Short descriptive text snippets
+++

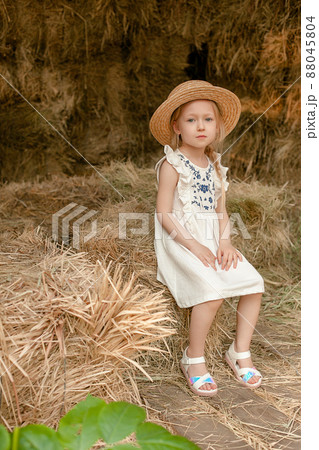 Dreamy blonde preteen girl resting on hayloft in summer 88045804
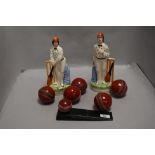 A pair of Staffordshire flat back figures of cricketers and a selection of cricket balls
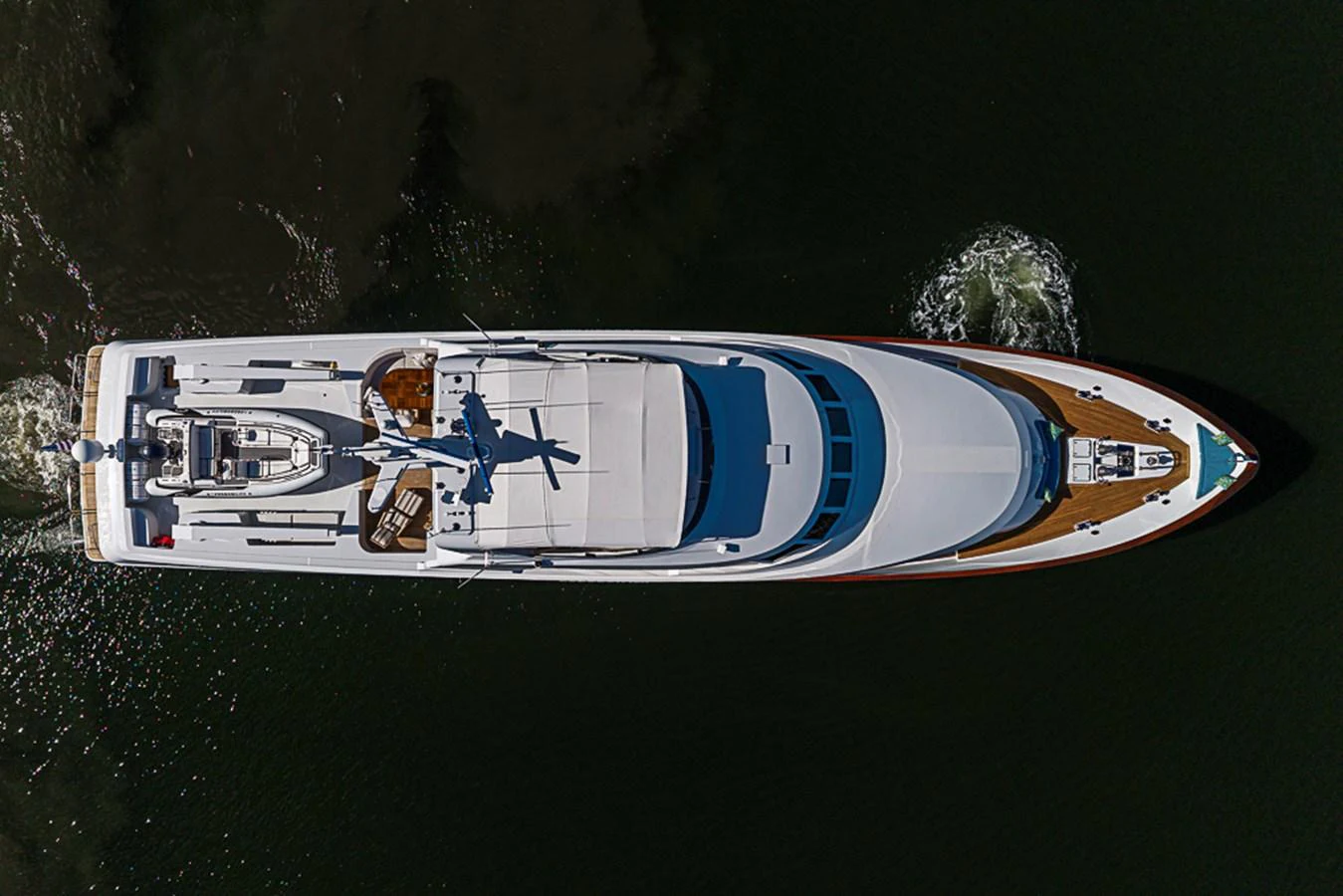 Aerial view of a sleek yacht cruising through dark waters. aboard PROBABILITY Yacht for Sale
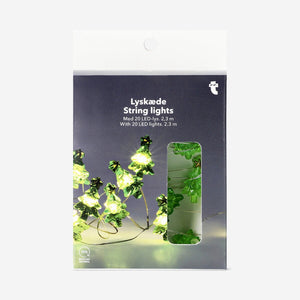 Flying Tiger Copenhagen string lights with decorative Christmas tree designs for festive home decor and holiday ambiance.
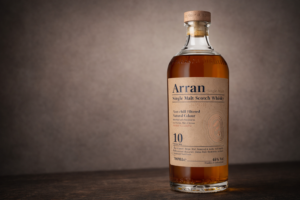 Bouteille d’Arran 10 ans photographiée seule sur une surface sombre, avec un fond taupe doux et une lumière latérale discrète.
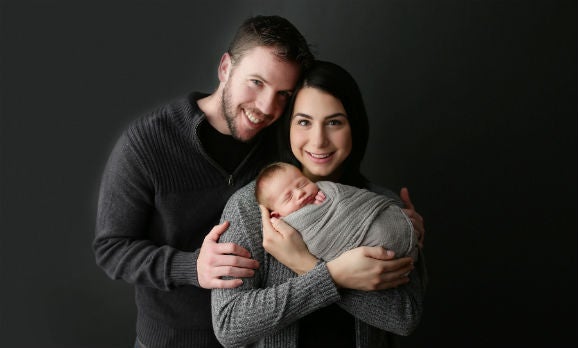 Morgan Prince with her husband and child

+++

WHAT YOU HAVE TO DO: Repeat word for word, leaving out the pictures, each line of the records from the line that holds "A pair of Staffordshire" through the final one.

RESPONSE BOX:
 A pair of Staffordshire flat back figures of cricketers and a selection of cricket balls
 Aerial view of a sleek yacht cruising through dark waters. aboard PROBABILITY Yacht for Sale
 Flying Tiger Copenhagen string lights with decorative Christmas tree designs for festive home decor and holiday ambiance.
 Bouteille d’Arran 10 ans photographiée seule sur une surface sombre, avec un fond taupe doux et une lumière latérale discrète.
 Morgan Prince with her husband and child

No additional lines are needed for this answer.